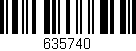Código de barras (EAN, GTIN, SKU, ISBN): '635740'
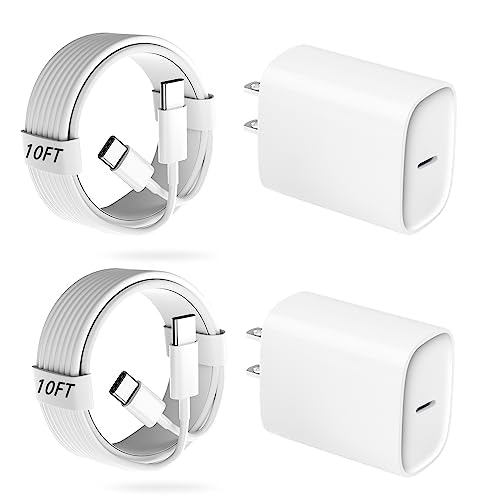 20W USB-C Fast Charger and 10ft USB-C Cable: $21.98 20W USB-C Fast Charger and 10ft USB-C Cable: $21.98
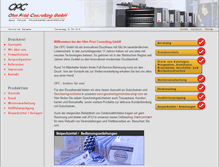 Tablet Screenshot of opc-gmbh.de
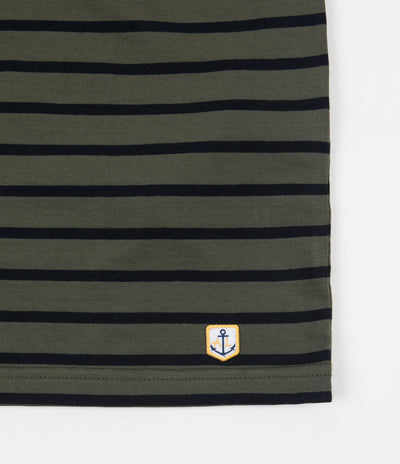 Armor Lux Striped Breton T-Shirt - Epicea Green / Rich Navy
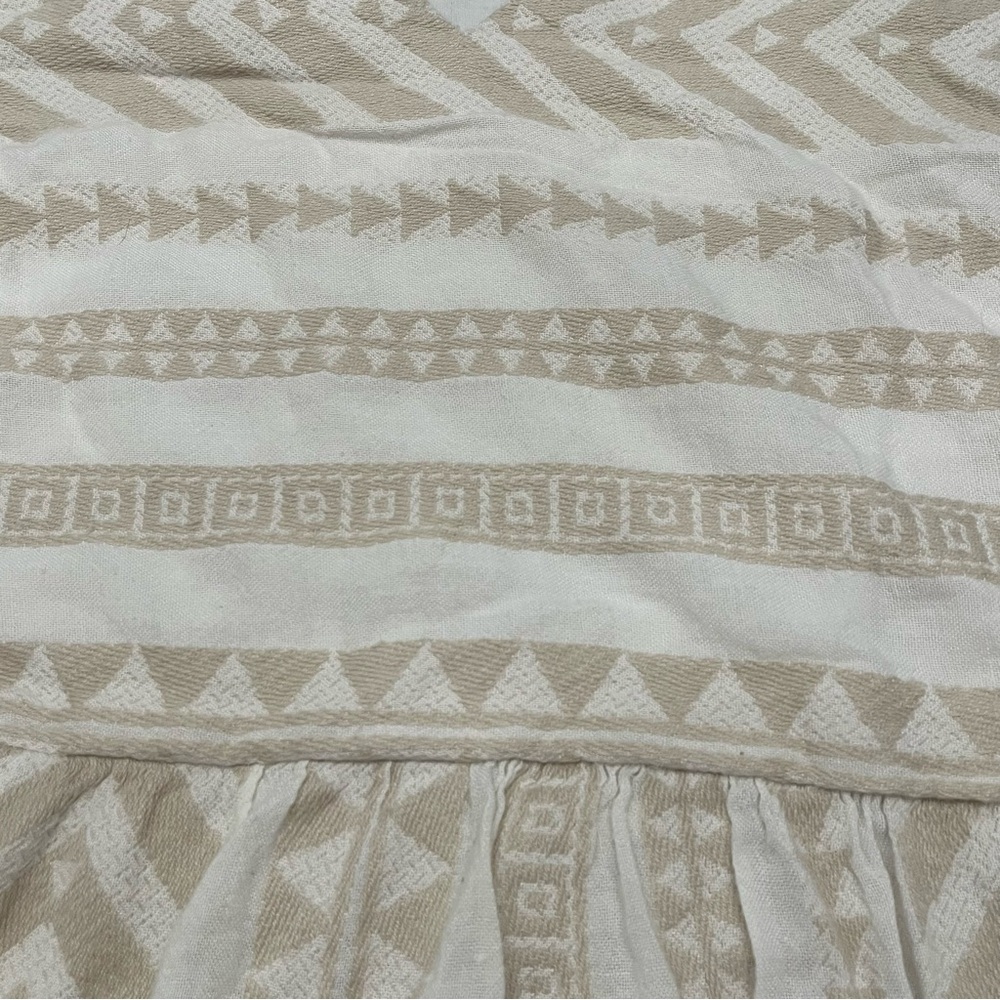 Old Navy Dress Aztec Mini Swing Smocked Pockets Cotton‎ Blend Minimalist 3X - Picture 8 of 9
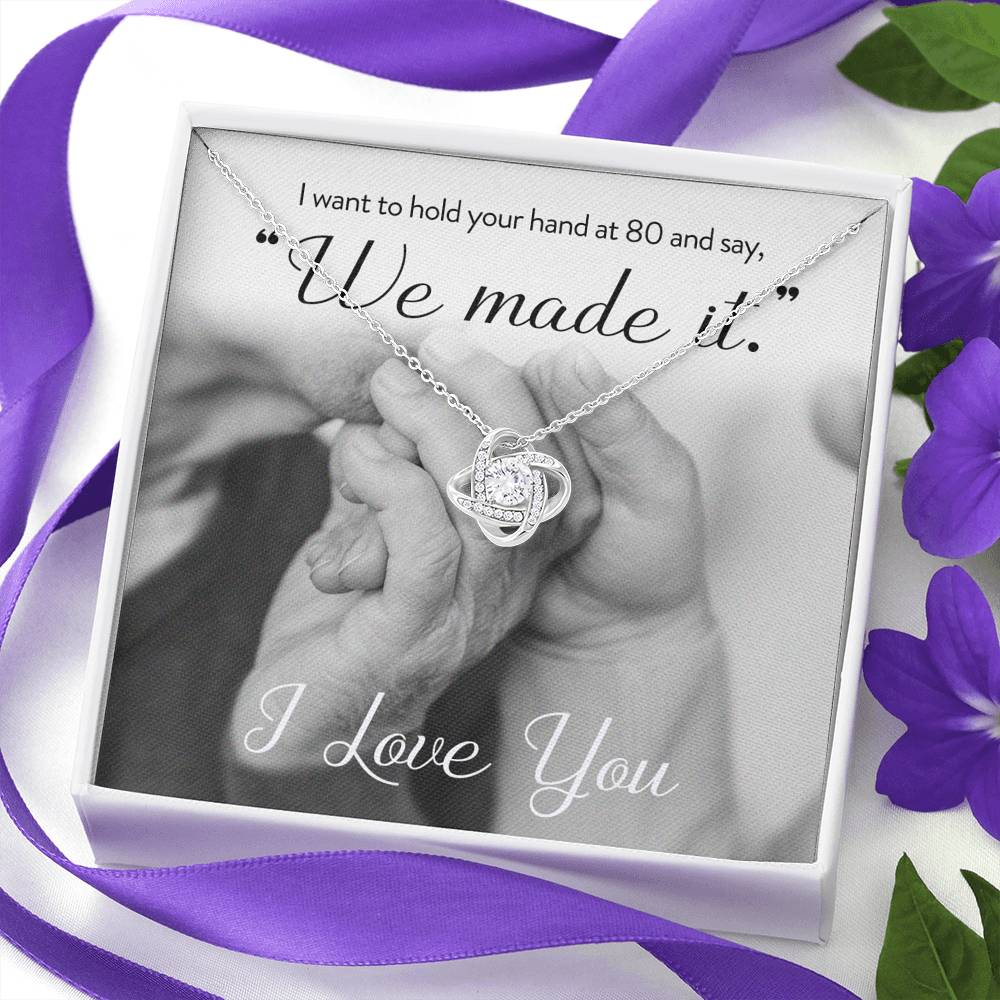To My Mom Mother In Law Fiancée Bride Personalized Necklace Gift From Fiancé Husband Boyfriend Daughter Son With The Message Card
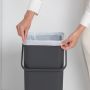 Brabantia Sort & Go 251047 sortownik na odpady 40 l szary zdj.2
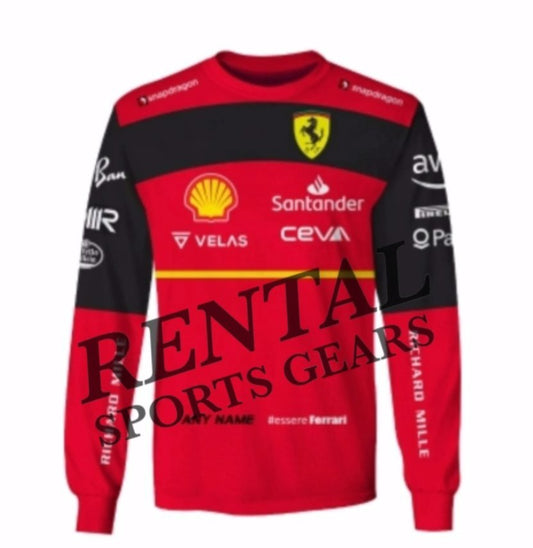 Carlos Sainz Ferrari 2022 F1 Shrit - F1 Ferrari Shirt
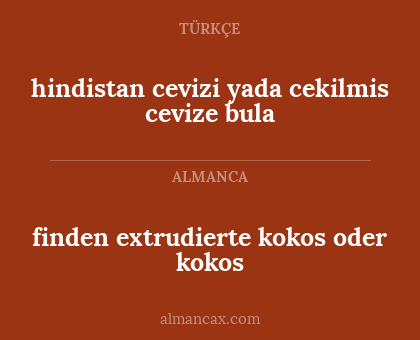 finden extrudierte kokos oder kokos - hindistan cevizi yada cekilmis cevize bula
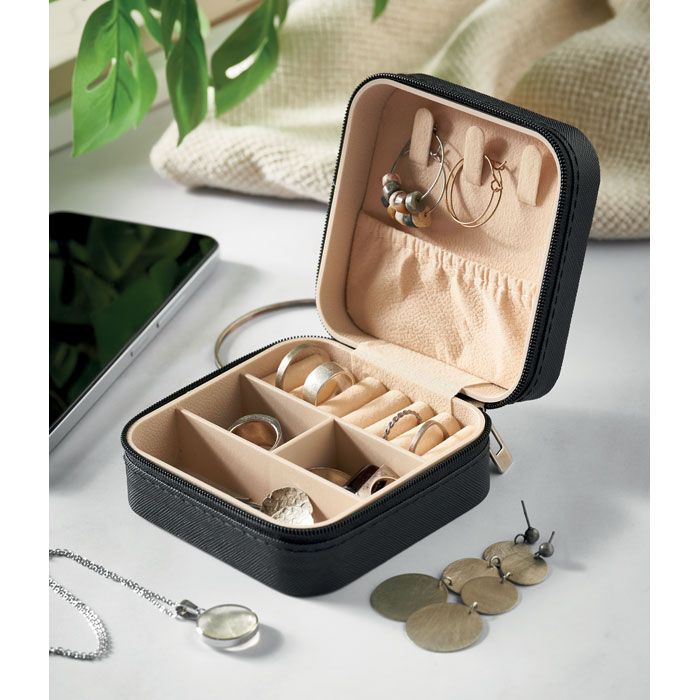 Boîte à bijoux de voyage PU personnalisée JULBOX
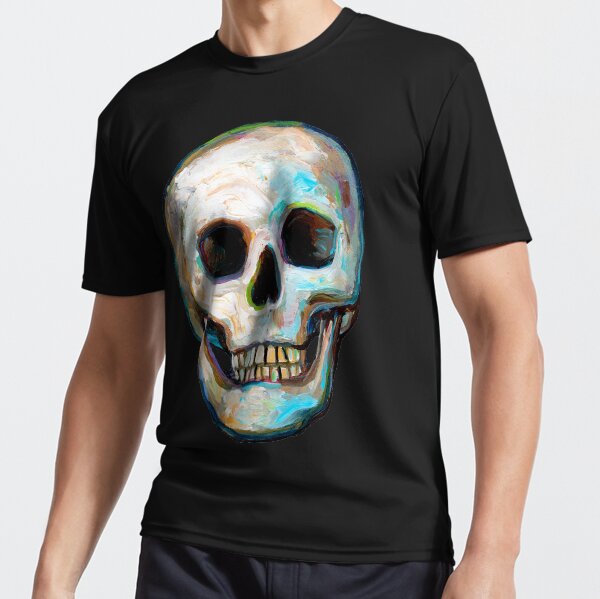 Psychedelic Skull Painting Active T-Shirt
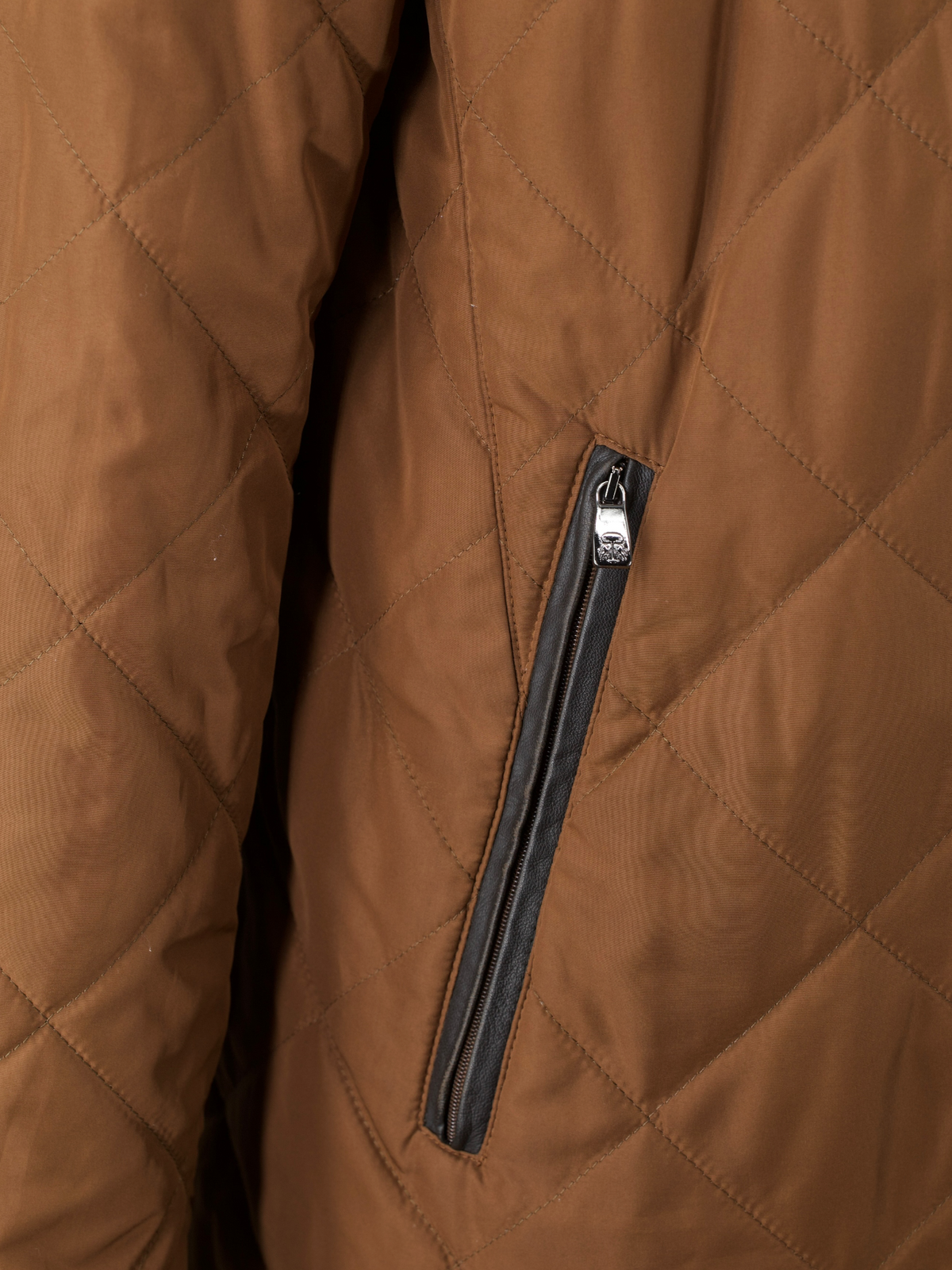 Corneliani Brown Quilted & Navy Softshell Reversible Carcoat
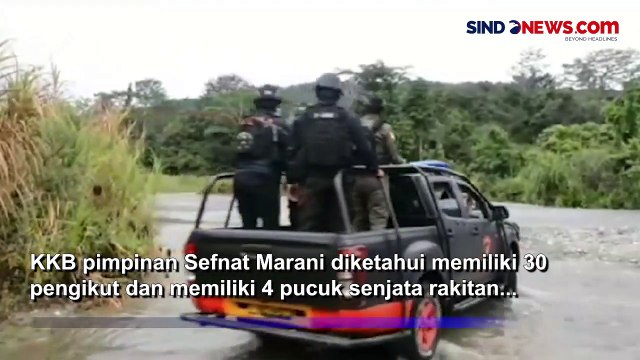 Satgas Damai Cartenz Gerebek Markas KKB dan Buru Pimpinan KKB Kepulauan Yapen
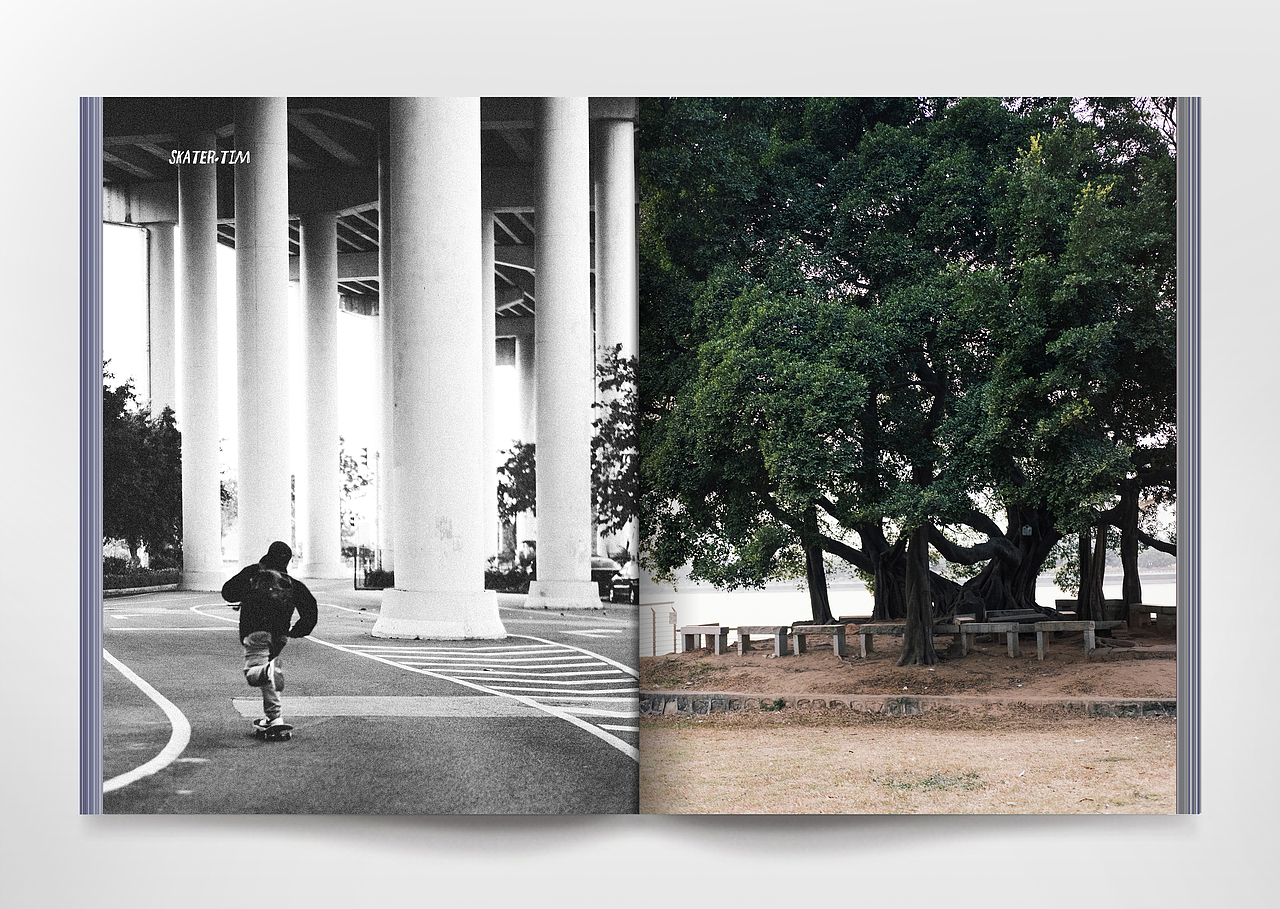 滑板摄影画册《city skatelife》下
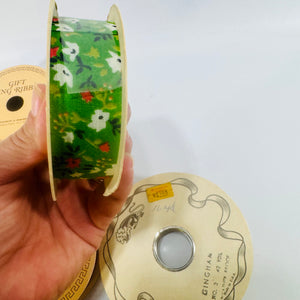 The Stephen Lawrence Co. Gift Tying Ribbon Lot of 4 Floral and Gingham Spools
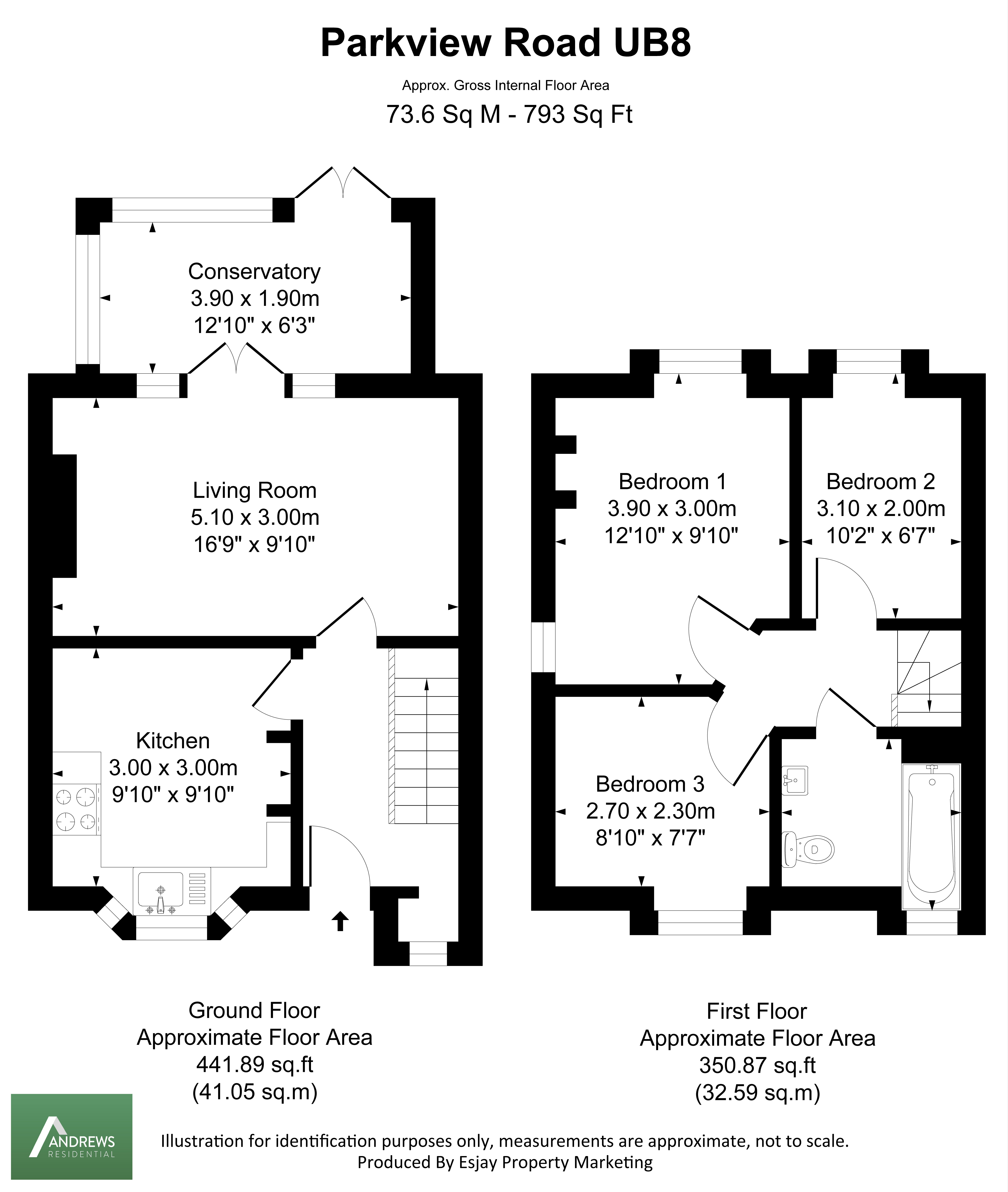 44, Park View Road, Hillingdon floorplan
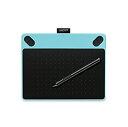 【中古】「非常に良い」ワコム Intuos Draw【旧モデル】ペン入力専用 お絵描き入門モデル Sサイズ ミントブルー CTL-490/B0
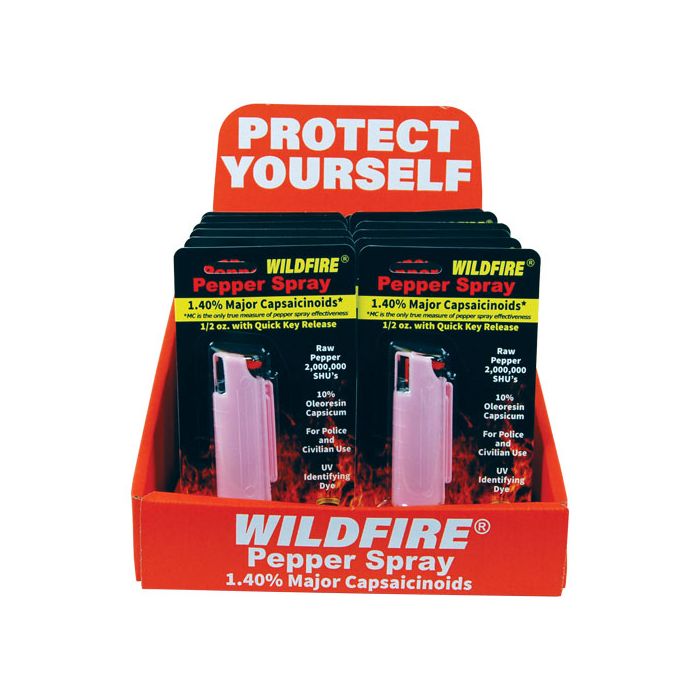 WildFire Lipstick-Style Pepper Spray - 1.4% Major Capsaicinoids in Pink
+---+
> **PROBLEM REQUIREMENTS**:
Repeat the listing above exactly from its first line to the line containing "To My Mom Mother", both included, and omit the pictures.

> **TASK OUTPUT**:
Código de barras (EAN, GTIN, SKU, ISBN): '635740'
 20W USB-C Fast Charger and 10ft USB-C Cable: $21.98 20W USB-C Fast Charger and 10ft USB-C Cable: $21.98
 Tablet Screenshot of opc-gmbh.de
 Armor Lux Striped Breton T-Shirt - Epicea Green / Rich Navy
 Old Navy Dress Aztec Mini Swing Smocked Pockets Cotton‎ Blend Minimalist 3X - Picture 8 of 9
To My Mom Mother In Law Fiancée Bride Personalized Necklace Gift From Fiancé Husband Boyfriend Daughter Son With The Message Card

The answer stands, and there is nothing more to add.